WHAT THE EXERCISE ASKS> Exactly the lines from the line that has "So we define" through the final line below are to be retyped, and the pictures are not.

Start of THE DATA

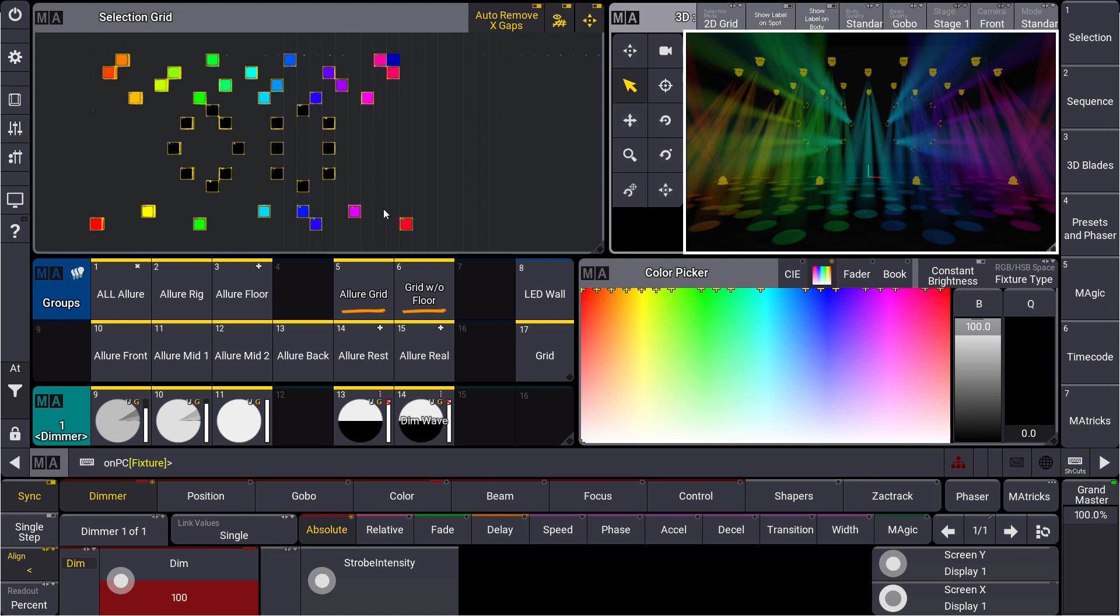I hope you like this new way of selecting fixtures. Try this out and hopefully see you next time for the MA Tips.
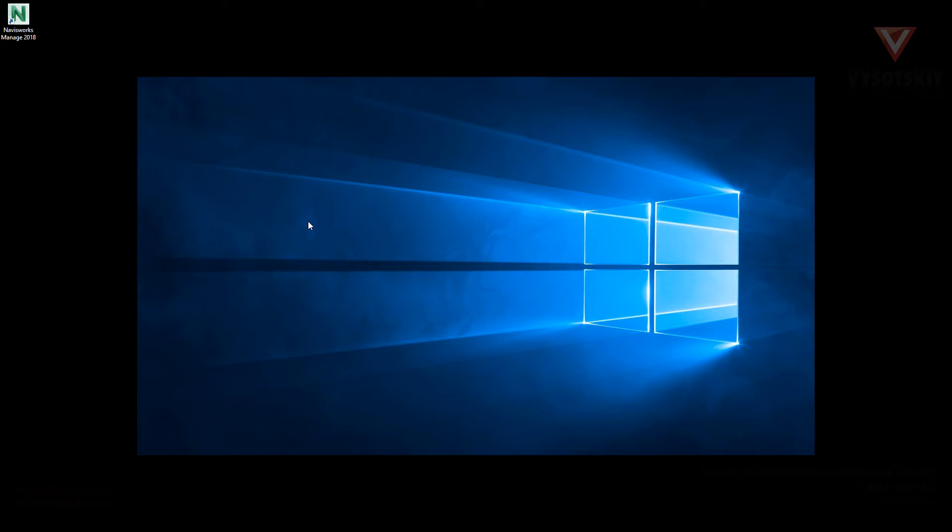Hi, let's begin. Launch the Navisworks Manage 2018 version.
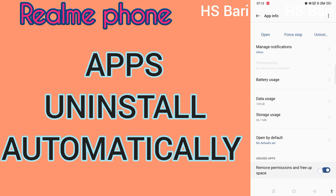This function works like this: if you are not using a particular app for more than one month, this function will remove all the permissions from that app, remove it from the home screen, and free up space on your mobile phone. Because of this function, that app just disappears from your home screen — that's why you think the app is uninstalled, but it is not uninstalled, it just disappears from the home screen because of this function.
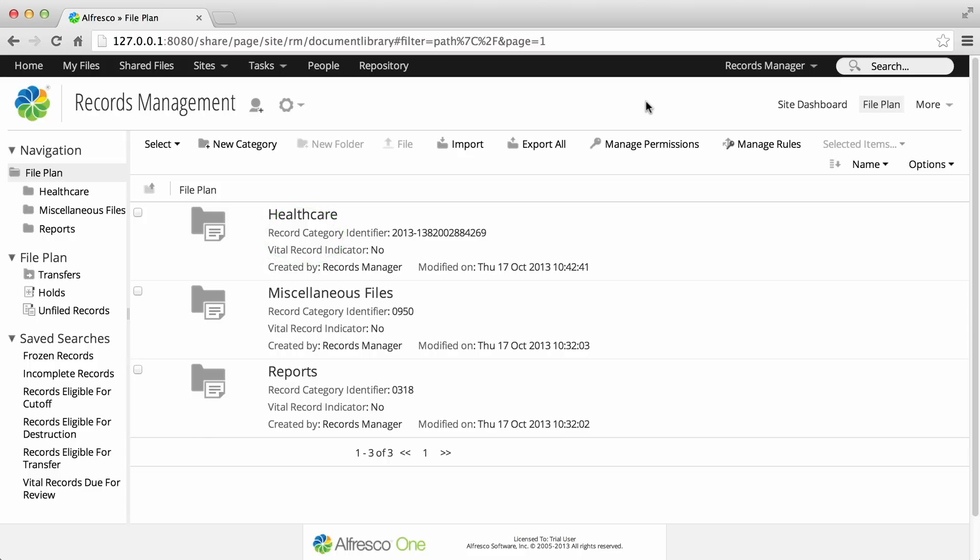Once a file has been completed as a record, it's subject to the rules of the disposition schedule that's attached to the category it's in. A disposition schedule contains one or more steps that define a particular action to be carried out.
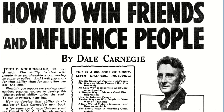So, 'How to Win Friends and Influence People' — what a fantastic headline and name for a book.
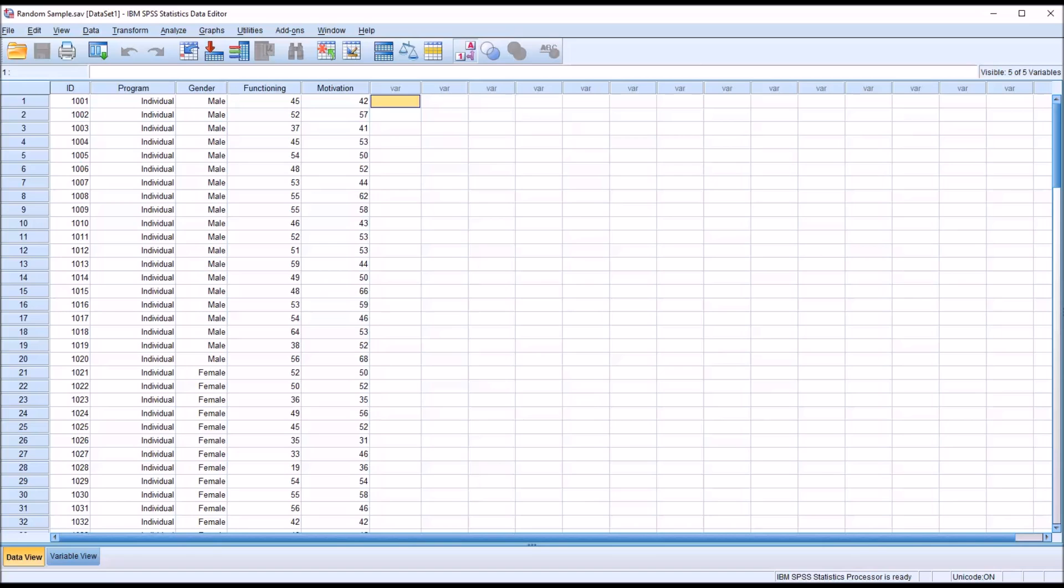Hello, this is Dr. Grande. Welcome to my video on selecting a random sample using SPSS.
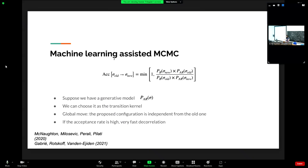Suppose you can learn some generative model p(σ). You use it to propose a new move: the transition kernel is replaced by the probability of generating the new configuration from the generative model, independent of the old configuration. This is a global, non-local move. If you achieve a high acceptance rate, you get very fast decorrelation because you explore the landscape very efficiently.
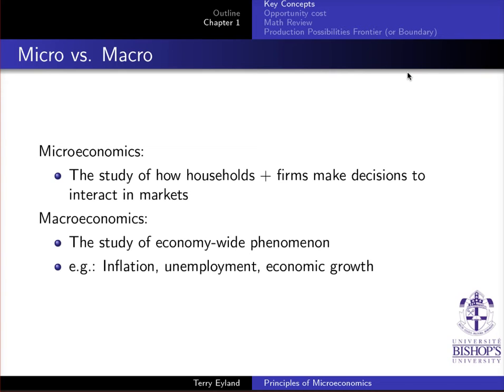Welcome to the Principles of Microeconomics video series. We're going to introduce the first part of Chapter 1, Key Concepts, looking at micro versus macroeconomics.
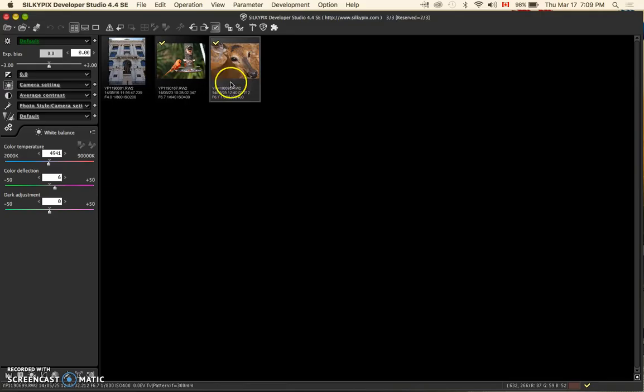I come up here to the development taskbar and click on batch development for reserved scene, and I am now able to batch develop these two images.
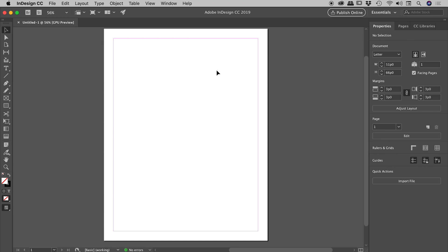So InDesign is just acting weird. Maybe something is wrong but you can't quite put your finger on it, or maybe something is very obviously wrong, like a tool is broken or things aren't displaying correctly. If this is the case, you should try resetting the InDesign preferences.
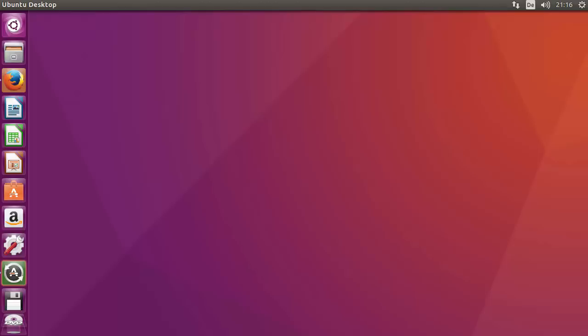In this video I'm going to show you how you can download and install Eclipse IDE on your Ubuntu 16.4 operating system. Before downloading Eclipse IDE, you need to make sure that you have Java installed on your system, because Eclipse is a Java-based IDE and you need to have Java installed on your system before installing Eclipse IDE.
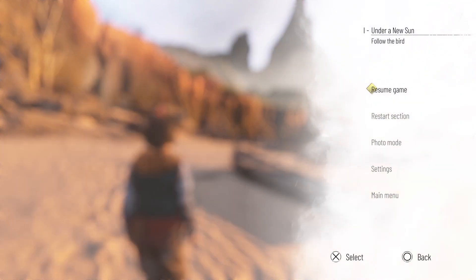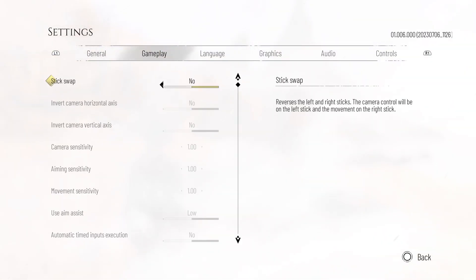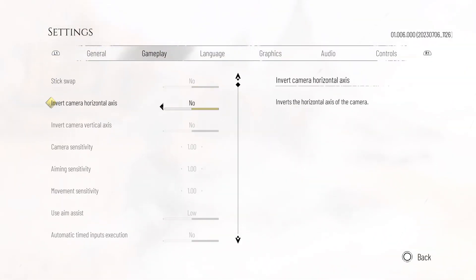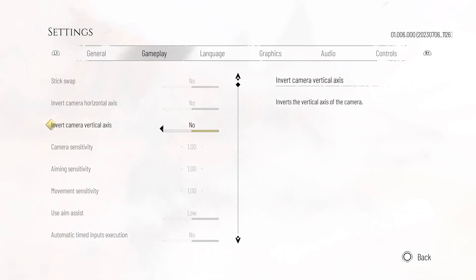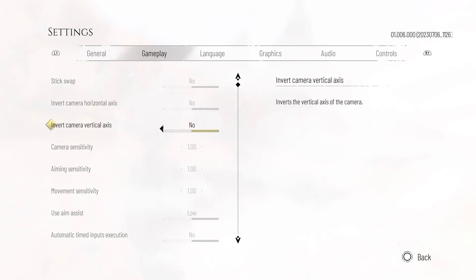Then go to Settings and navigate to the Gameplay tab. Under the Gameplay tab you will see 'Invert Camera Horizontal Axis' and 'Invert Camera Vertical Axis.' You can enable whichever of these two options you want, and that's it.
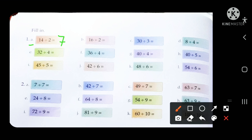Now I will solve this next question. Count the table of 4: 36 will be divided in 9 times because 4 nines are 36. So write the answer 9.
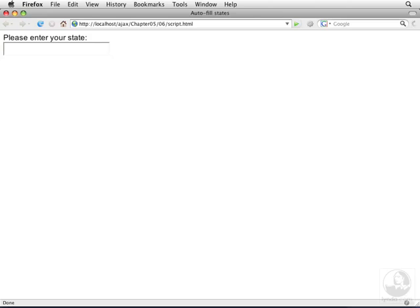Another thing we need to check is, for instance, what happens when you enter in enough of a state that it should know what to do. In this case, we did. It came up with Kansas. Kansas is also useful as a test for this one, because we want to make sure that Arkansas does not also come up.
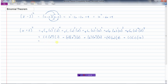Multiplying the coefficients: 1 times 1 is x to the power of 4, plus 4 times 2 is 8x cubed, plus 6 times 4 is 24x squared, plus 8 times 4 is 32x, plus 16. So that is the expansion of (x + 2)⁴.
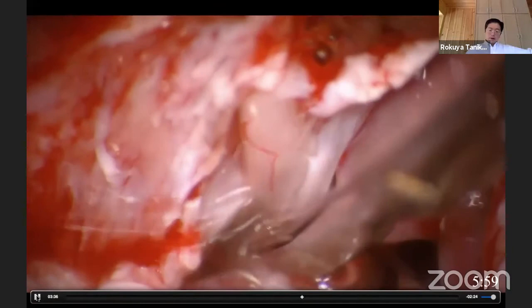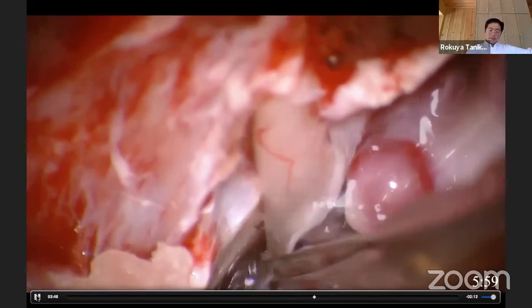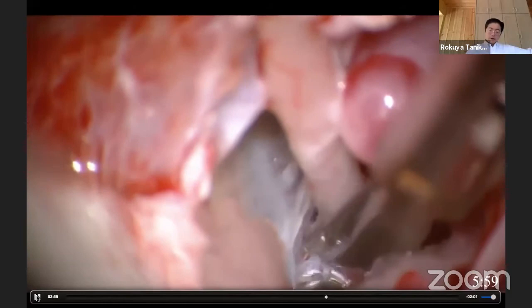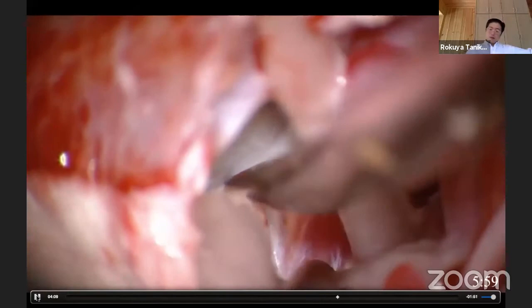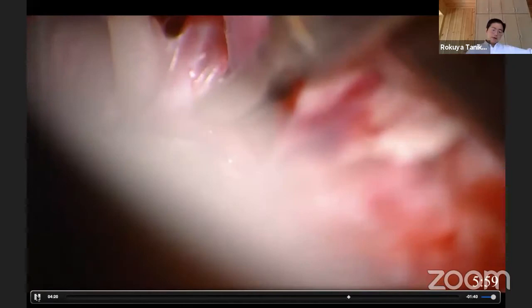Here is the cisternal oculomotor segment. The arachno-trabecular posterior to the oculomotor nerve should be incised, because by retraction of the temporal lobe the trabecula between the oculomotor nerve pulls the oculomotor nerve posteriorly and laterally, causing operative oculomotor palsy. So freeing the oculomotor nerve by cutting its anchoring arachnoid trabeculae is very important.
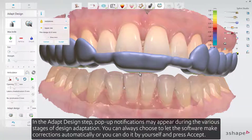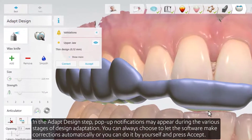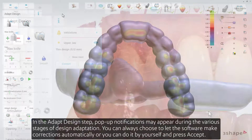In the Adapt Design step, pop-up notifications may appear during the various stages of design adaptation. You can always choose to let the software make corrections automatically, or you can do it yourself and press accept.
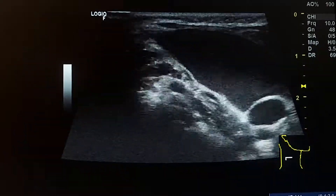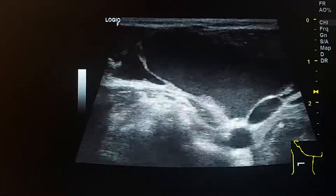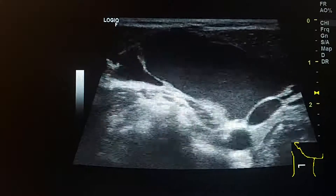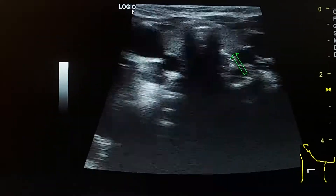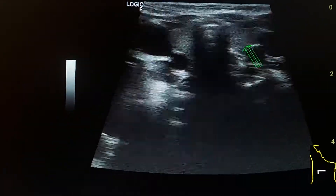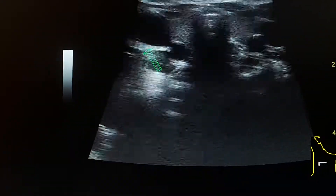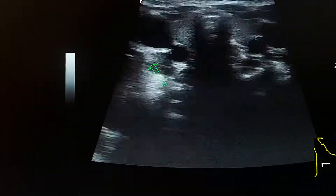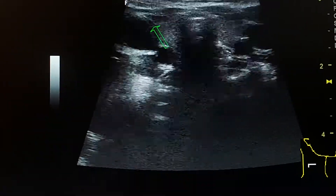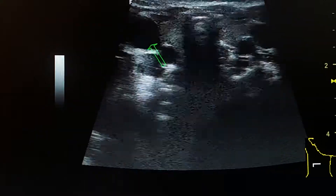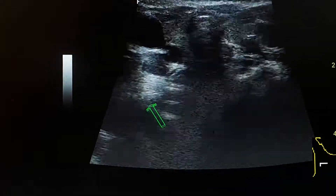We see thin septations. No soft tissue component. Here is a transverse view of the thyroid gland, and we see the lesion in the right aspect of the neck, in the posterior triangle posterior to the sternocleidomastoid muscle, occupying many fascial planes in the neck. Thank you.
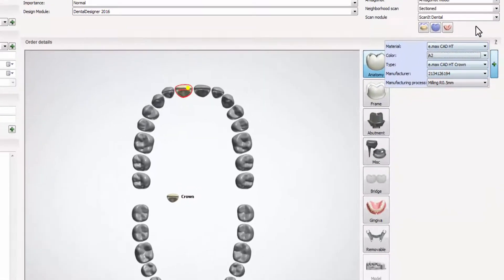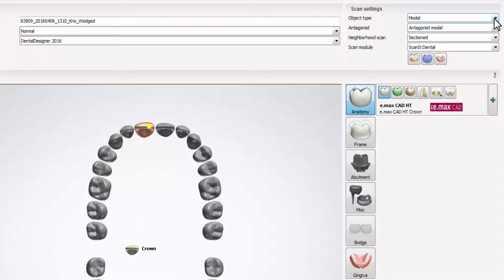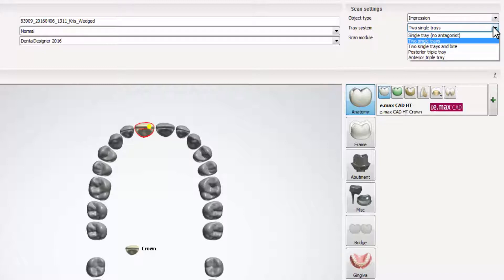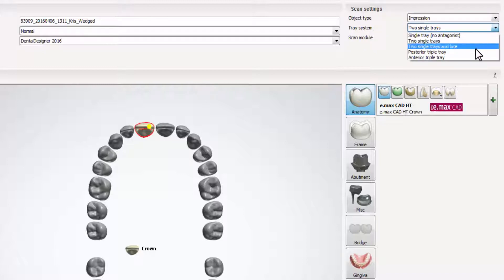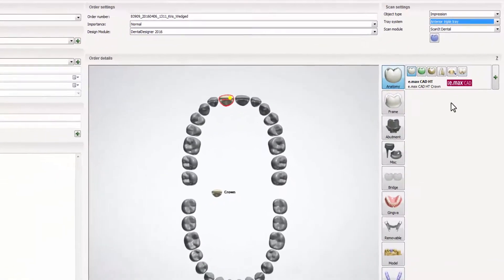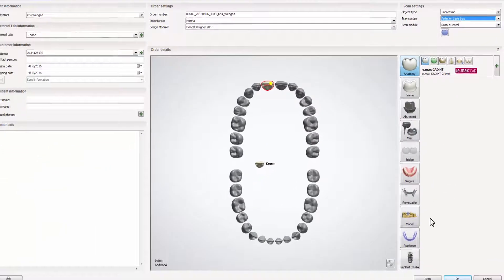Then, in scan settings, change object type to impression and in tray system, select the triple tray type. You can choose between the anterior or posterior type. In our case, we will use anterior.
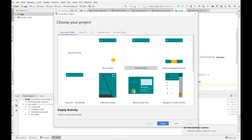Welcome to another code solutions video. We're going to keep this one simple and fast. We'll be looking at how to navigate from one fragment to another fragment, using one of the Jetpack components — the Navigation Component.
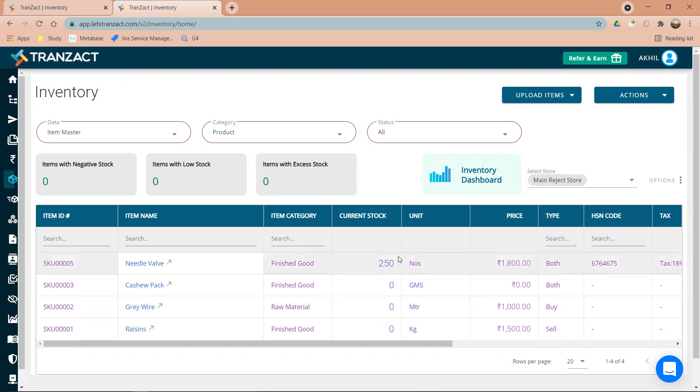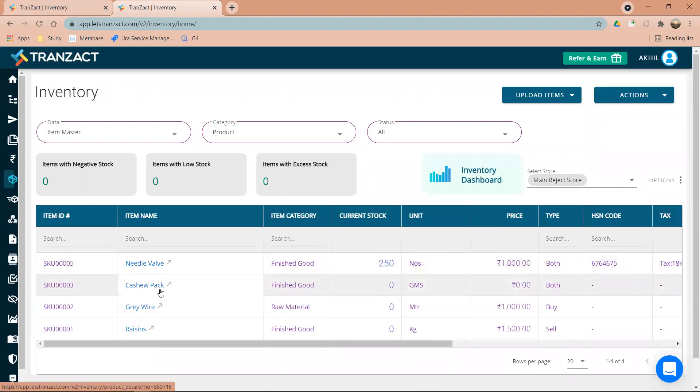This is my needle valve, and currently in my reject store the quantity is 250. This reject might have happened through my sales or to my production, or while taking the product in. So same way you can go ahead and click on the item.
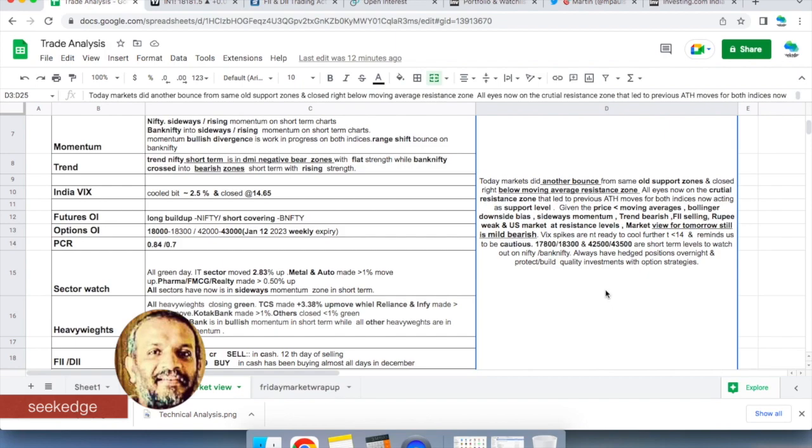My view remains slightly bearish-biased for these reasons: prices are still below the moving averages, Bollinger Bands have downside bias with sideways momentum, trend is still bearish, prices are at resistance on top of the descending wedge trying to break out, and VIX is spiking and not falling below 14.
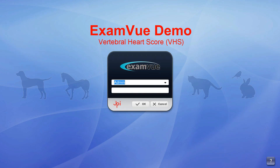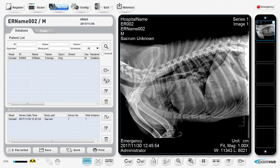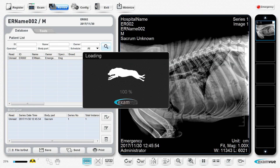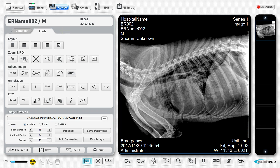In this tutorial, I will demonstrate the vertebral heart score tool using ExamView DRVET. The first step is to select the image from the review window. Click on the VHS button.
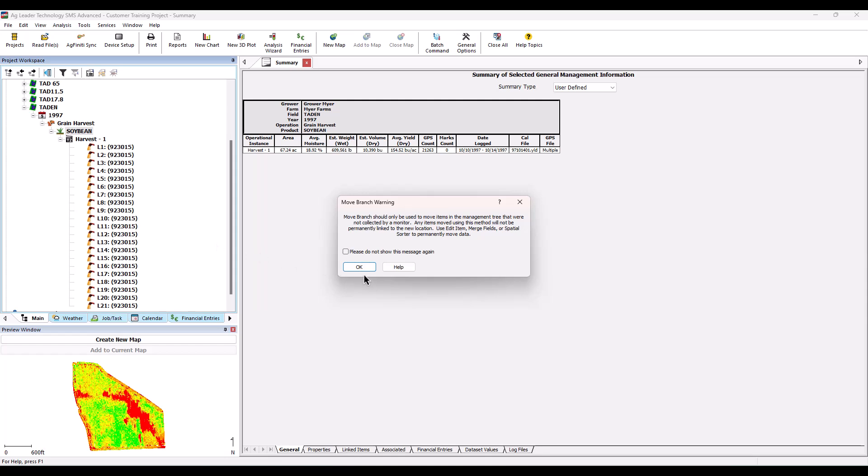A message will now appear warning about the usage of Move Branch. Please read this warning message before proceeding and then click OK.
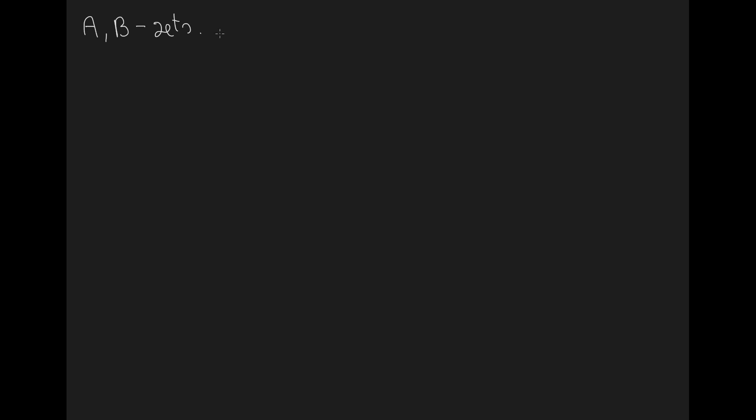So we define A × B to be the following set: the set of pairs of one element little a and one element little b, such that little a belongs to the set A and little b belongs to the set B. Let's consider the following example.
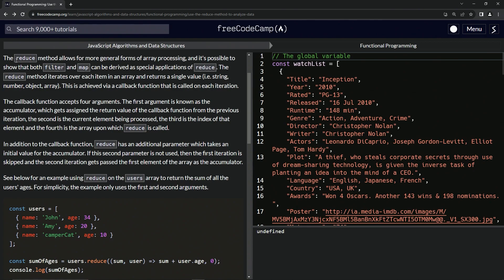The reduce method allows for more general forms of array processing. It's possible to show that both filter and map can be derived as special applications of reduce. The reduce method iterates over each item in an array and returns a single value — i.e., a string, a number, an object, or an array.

End of THE DATA

RESPONSE AREA>
So we define A × B to be the following set: the set of pairs of one element little a and one element little b, such that little a belongs to the set A and little b belongs to the set B. Let's consider the following example.
The reduce method allows for more general forms of array processing. It's possible to show that both filter and map can be derived as special applications of reduce. The reduce method iterates over each item in an array and returns a single value — i.e., a string, a number, an object, or an array.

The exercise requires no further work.